Doogie White, (voce) Neil Murray, (basso) Rolf Munkes (chitarra) e Mike Terrana (batteria); una formazione cosi e' davvero da urlo, che ne dite? E in quanto a musica? Ottimo heavy rock della migliore tradizione Deep Purple, Malmsteen, Black Sabbath e Dio, con abbondanti inserti di melodic rock, alla Brazen Abbot o Cornerstone, e’ quello che ci aspetta in questo “Chasing Shadows”, quarto album degli Empire.

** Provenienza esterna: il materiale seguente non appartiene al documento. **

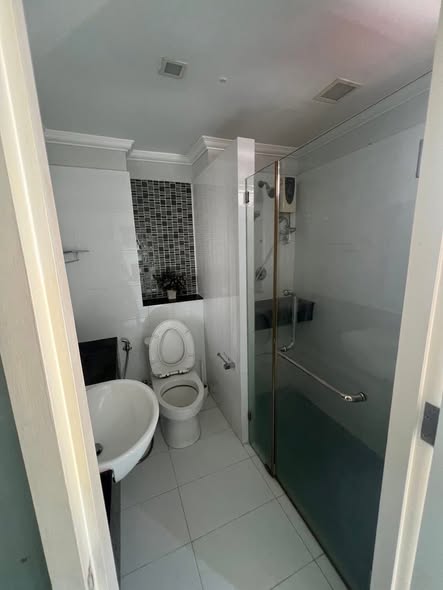 room interior and bathroom of Flawless Sathon Residence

Opener coi fiocchi “Chasing Shadows”, dura quanto basta per farci capire che questi rocker non scherzano, cosi come per la corale “The Alter”, a metà tra Sabbath e Brazen Abbot; Doogie White sugli scudi nella bellissima “Mother Father Holy Ghost”, un pezzo che Dio vorrebbe nel suo repertorio, ci scommetto, e con un solo di Rolf Munkes ispiratissimo. “Sail Away” sembra muoversi come un power ballad d’altri tempi, (avete presente Il Dio di “Dream Evil”?) salvo poi esplodere in una parte centrale, epica e marziale, con il duo Terrana/Murray a pulsare come un cuore galoppante. Semi lento anche “Child Of the Light”, dal fare più in linea con le canzoni di Axel Rudi Pell mentre con “Tahigwan Nights”, si viaggia veloci guidati dalla doppia cassa di Terrana in un up-tempo sostenuto, graziato da un solo di Rolf indovinatissimo.
Ancora echi dei Sabbath, era Dio, con “Maniac Messiah” mentre “Angel And The Gambler”, cu regala, oltre che a un Doogie incontenibile, un brano alla Whitesnake con cori epici e assoli di un Rolf in stato di grazia. Chicca finale la monolitica “The Rulers Of The World”, neanche troppo distante da certe cose di Jorn Lande solista; un album da buttare giù tutto d’un fiato e che ci regala una band di musicisti, che avrebbero da insegnare a molti giovani leve, come si suona il ROCK! You rule!
MOMENTO D’ESTASI: senza dubbio “Mother Father Holy Ghost”; un pezzo da novanta!
COLPO DI SONNO: cercate altrove..qui solo ottimo rock!